Many, Many Temples
Today we saw temples. Angkor Wat, Bayon, Baphoun, Phimeanakas, Ta Prohm, Phnom Bakheng, etc etc etc. Many many temples. Our day started at 5:00 with a sunrise view of Angkor Wat, then breakfast back at the hotel, then a long morning of climbing all over giant temples, then lunch, then some more temples, back to Angkor Wat for a more detailed visit, then a climb to another hidden temple, and the back to the room by 3:30. We were sweaty and exhausted by the end of our day, and we looked rather like drowned rats when we arrived back at the hotel. And the three of us did it rather in comfort, in an air-conditioned car with a driver and a guide and all the cold water we could drink.
Our guide was quite a historian and was able to tell us lots of interesting things. The temples are a mix between Hindu and Buddhist, with intricate artwork detailing the great Indian epics, Buddhist icons and symbols, and Khmer history. Probably my (TP’s) favorite part was a great big relief at Bayon depicting a war between the Khmers and the Chams. You could identify the Chams (Muslims, related to Malays) because they had helmets on and were losing. You could identify the Khmers because they had long earlobes (long earlobes are thought to symbolize long life). You could also identify the Chinese, fighting along with the Khmers as allies, because they had beards. At any rate, we learned way too much. Learn about the Angkor temple complex on wikipedia.

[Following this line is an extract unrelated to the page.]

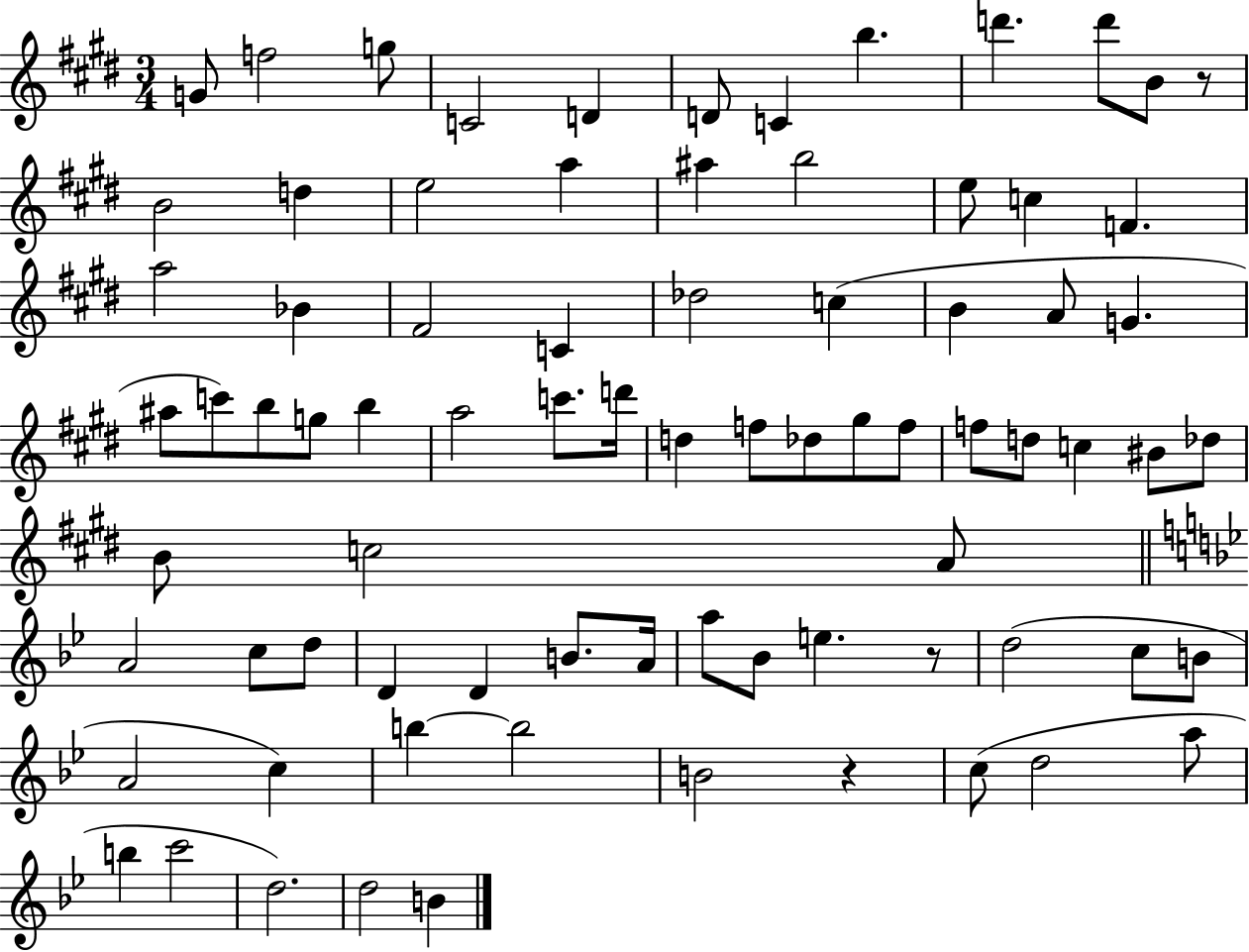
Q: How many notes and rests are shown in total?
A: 79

Our guide also gave us quite the rundown on recent Cambodian history. What a terrible set of stories. He was born in 1977, so his was the generation who were taken from their mothers at the age of one month because their mothers were needed in the fields. Even after the Vietnamese drove the Khmer Rouge back into the jungles, the country didn’t enjoy any peace; there was still bitter fighting until 1998. He described the days of hiding in Angkor Wat from the armies fighting in the area. The tourism industry in Siem Reap has blossomed between 1998 and today, but civil war has left Cambodia a legacy of stunning poverty and lack of nearly any infrastructure aside from hotels and restaurants for tourists.
Our agenda for tomorrow is still unclear, but we are greatly enjoying our time here so far.